Reverses opioid effects by inhibiting opioid agonists at receptor sites.

Naloxone (Evzio, Narcan)

 

Pure opioid antagonist. Used to reverse opioid intoxication.

If patients do not respond to multiple doses of naloxone, consider alternative causes of unconsciousness. Need of ongoing substance abuse treatment should be established while caring for overdose.

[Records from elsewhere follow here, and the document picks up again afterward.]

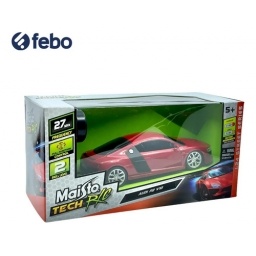 Auto Juguete A Control Maisto Audi R8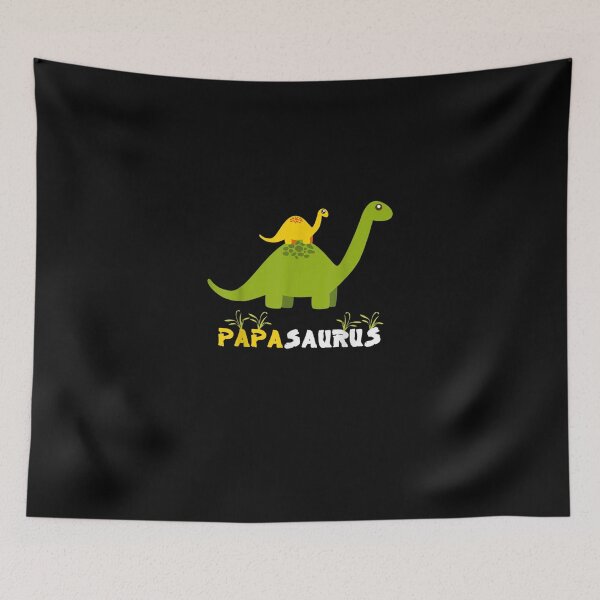Item preview, Papasaurus Funny Dinosaur Dad Papa Saurus Father's Day designed and sold by KingPower.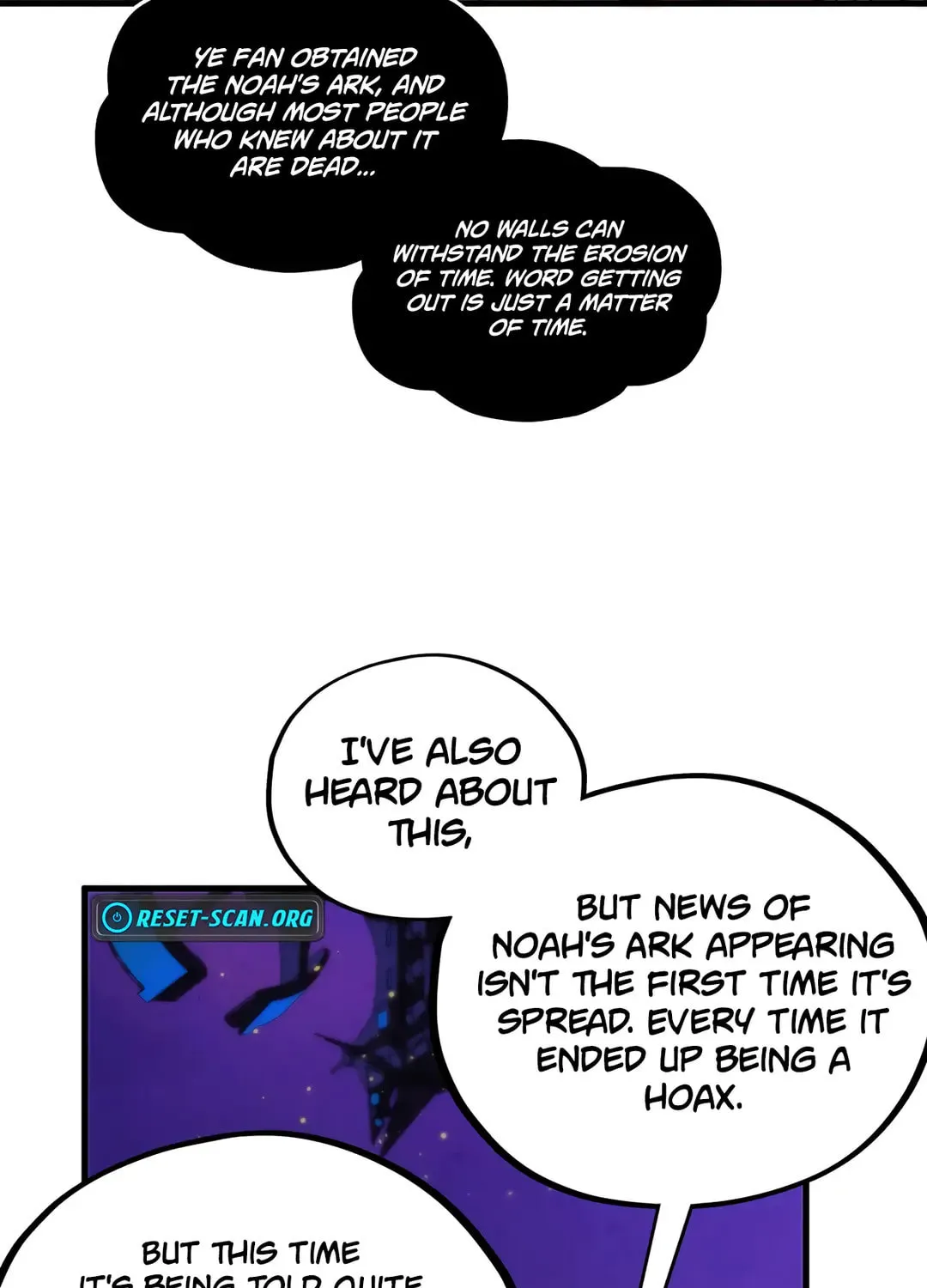Rebirth of the Ultimate Master Chapter 430 page 84 -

The injectable solution is available in vials and syringes (0.4 mg/mL, 1 mg/mL) for IV/IM/SC administration by healthcare providers. It is also available as an autoinjector (delivers 0.4 mg IM/SC) for home use by family or caregivers.

Naloxone intranasal (Narcan Nasal Spray)

 

Competitive opioid antagonist that antagonizes opioid effects by competing for the same receptor sites. The intranasal form is indicated for the emergency treatment of known or suspected opioid overdose, as manifested by respiratory and/or central nervous system depression.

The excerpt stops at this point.